“THE SHAPE OF WATER” My rating: B+
122 minutes | MPAA rating: R
Blend the whimsey of “Amelie” with the sci-fi fantasy of “Creature from the Black Lagoon,” wrap it all up in Cold War paranoia, and you’ve got Guillermo del Toro’s “The Shape of Water,” an interspecies love story that will leave you swooning.
Horror and beauty are never far apart in del Toro’s cinema; what’s noteworthy about this picture is that the horror is generated not by the fantastic creature at its heart but by human fear and loathing. This time around we’re the monsters.
Set in early ’60s Baltimore, where it’s always raining and everything is tinted bottom-of-the-sea green, “The Shape of Water” opens with Elisa ( Sally Hawkins) awakening from a watery dream and getting ready for work. Elisa is mute and communicates through sign language (we get subtitles); she works the night shift mopping floors at a top-secret government research station that looks and feels like a giant concrete mausoleum.
The scientific staff is all agog over their new acquisition, an amphibious creature captured in a river in South American, where the natives worshipped him as a god. The current condition of this beautiful/disquieting creation (that’s frequent del Toro collaborator Doug Jones under the spectacular prosthetics developed by Legacy Effects) is anything but god-like; he’s in chains and is the subject of the sadistic cattle-prod attentions of Strickland (Michael Shannon), a malevolent CIA type who can’t wait to vivisect this new species.

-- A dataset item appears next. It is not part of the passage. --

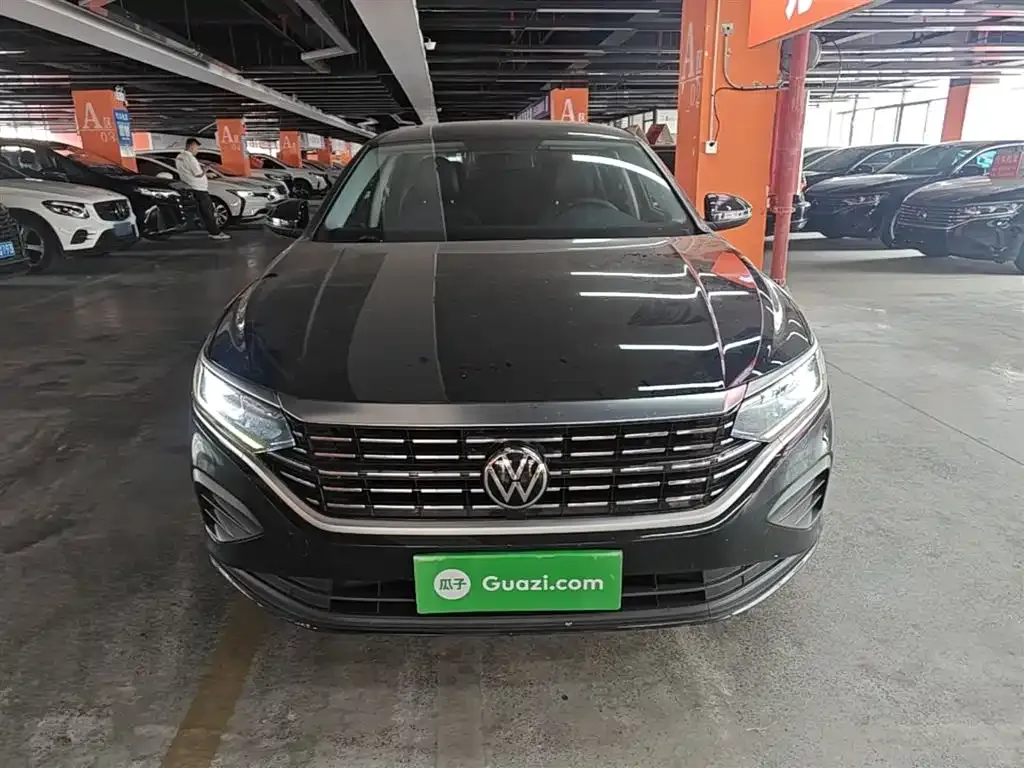 Volkswagen Passat — фото 5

Using her passkey to gain entrance to the creature’s prison, the empathetic Elisa brings hard-boiled eggs and a portable phonograph player with a collection of jazz LPs. This frog/man may not be able to speak, but he digs eggs and music.
Elisa soon discovers that the captive is not a mindless beast; before long they’re conversing in sign language. And and as her affections for this scaly newcomer deepen, Elisa hatches a plan to spirit the amphibian man out of the lab before he can be vivisected. He can live in her claw-footed bathtub.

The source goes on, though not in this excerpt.